> **TASK**
Your answer must be an exact copy of every record.

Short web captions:

╔══

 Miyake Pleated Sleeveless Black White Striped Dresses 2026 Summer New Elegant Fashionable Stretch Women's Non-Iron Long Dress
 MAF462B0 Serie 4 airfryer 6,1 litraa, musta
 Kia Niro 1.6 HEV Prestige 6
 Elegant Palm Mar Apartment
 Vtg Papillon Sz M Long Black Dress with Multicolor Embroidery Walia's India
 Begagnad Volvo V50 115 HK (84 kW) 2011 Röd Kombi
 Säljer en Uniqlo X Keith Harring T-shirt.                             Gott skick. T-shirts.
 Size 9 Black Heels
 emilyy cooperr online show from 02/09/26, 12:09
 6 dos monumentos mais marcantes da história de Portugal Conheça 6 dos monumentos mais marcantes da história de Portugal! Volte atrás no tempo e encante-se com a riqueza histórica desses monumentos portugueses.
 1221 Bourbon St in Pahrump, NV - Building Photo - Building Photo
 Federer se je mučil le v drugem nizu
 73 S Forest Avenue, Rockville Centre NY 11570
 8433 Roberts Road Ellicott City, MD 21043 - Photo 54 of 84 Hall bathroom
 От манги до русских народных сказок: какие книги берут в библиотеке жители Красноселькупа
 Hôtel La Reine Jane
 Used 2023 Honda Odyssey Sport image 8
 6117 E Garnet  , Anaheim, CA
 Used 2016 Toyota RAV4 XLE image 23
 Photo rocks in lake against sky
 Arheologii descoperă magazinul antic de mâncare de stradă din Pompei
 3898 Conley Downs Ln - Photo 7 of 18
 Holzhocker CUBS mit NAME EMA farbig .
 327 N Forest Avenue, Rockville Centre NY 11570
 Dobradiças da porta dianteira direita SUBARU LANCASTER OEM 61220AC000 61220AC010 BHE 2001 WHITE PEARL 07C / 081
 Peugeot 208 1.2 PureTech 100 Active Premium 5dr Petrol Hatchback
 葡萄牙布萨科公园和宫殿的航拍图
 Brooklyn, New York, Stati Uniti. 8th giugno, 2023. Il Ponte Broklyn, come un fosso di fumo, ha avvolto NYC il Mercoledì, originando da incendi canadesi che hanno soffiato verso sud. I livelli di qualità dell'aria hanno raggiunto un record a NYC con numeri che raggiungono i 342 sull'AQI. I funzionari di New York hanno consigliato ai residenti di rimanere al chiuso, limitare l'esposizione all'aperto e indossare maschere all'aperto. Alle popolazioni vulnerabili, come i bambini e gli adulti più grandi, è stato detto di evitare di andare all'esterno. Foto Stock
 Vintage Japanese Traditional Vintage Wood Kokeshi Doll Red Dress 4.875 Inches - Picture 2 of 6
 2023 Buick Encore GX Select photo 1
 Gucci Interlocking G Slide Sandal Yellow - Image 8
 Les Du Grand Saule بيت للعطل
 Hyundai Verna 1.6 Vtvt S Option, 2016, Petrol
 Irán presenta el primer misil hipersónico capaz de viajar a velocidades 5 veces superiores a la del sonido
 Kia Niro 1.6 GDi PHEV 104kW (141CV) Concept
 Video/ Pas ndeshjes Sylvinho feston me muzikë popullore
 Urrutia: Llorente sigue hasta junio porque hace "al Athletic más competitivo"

╚══

> **SOLUTION FOR THIS PROBLEM**
 Miyake Pleated Sleeveless Black White Striped Dresses 2026 Summer New Elegant Fashionable Stretch Women's Non-Iron Long Dress
 MAF462B0 Serie 4 airfryer 6,1 litraa, musta
 Kia Niro 1.6 HEV Prestige 6
 Elegant Palm Mar Apartment
 Vtg Papillon Sz M Long Black Dress with Multicolor Embroidery Walia's India
 Begagnad Volvo V50 115 HK (84 kW) 2011 Röd Kombi
 Säljer en Uniqlo X Keith Harring T-shirt.                             Gott skick. T-shirts.
 Size 9 Black Heels
 emilyy cooperr online show from 02/09/26, 12:09
 6 dos monumentos mais marcantes da história de Portugal Conheça 6 dos monumentos mais marcantes da história de Portugal! Volte atrás no tempo e encante-se com a riqueza histórica desses monumentos portugueses.
 1221 Bourbon St in Pahrump, NV - Building Photo - Building Photo
 Federer se je mučil le v drugem nizu
 73 S Forest Avenue, Rockville Centre NY 11570
 8433 Roberts Road Ellicott City, MD 21043 - Photo 54 of 84 Hall bathroom
 От манги до русских народных сказок: какие книги берут в библиотеке жители Красноселькупа
 Hôtel La Reine Jane
 Used 2023 Honda Odyssey Sport image 8
 6117 E Garnet  , Anaheim, CA
 Used 2016 Toyota RAV4 XLE image 23
 Photo rocks in lake against sky
 Arheologii descoperă magazinul antic de mâncare de stradă din Pompei
 3898 Conley Downs Ln - Photo 7 of 18
 Holzhocker CUBS mit NAME EMA farbig .
 327 N Forest Avenue, Rockville Centre NY 11570
 Dobradiças da porta dianteira direita SUBARU LANCASTER OEM 61220AC000 61220AC010 BHE 2001 WHITE PEARL 07C / 081
 Peugeot 208 1.2 PureTech 100 Active Premium 5dr Petrol Hatchback
 葡萄牙布萨科公园和宫殿的航拍图
 Brooklyn, New York, Stati Uniti. 8th giugno, 2023. Il Ponte Broklyn, come un fosso di fumo, ha avvolto NYC il Mercoledì, originando da incendi canadesi che hanno soffiato verso sud. I livelli di qualità dell'aria hanno raggiunto un record a NYC con numeri che raggiungono i 342 sull'AQI. I funzionari di New York hanno consigliato ai residenti di rimanere al chiuso, limitare l'esposizione all'aperto e indossare maschere all'aperto. Alle popolazioni vulnerabili, come i bambini e gli adulti più grandi, è stato detto di evitare di andare all'esterno. Foto Stock
 Vintage Japanese Traditional Vintage Wood Kokeshi Doll Red Dress 4.875 Inches - Picture 2 of 6
 2023 Buick Encore GX Select photo 1
 Gucci Interlocking G Slide Sandal Yellow - Image 8
 Les Du Grand Saule بيت للعطل
 Hyundai Verna 1.6 Vtvt S Option, 2016, Petrol
 Irán presenta el primer misil hipersónico capaz de viajar a velocidades 5 veces superiores a la del sonido
 Kia Niro 1.6 GDi PHEV 104kW (141CV) Concept
 Video/ Pas ndeshjes Sylvinho feston me muzikë popullore
 Urrutia: Llorente sigue hasta junio porque hace "al Athletic más competitivo"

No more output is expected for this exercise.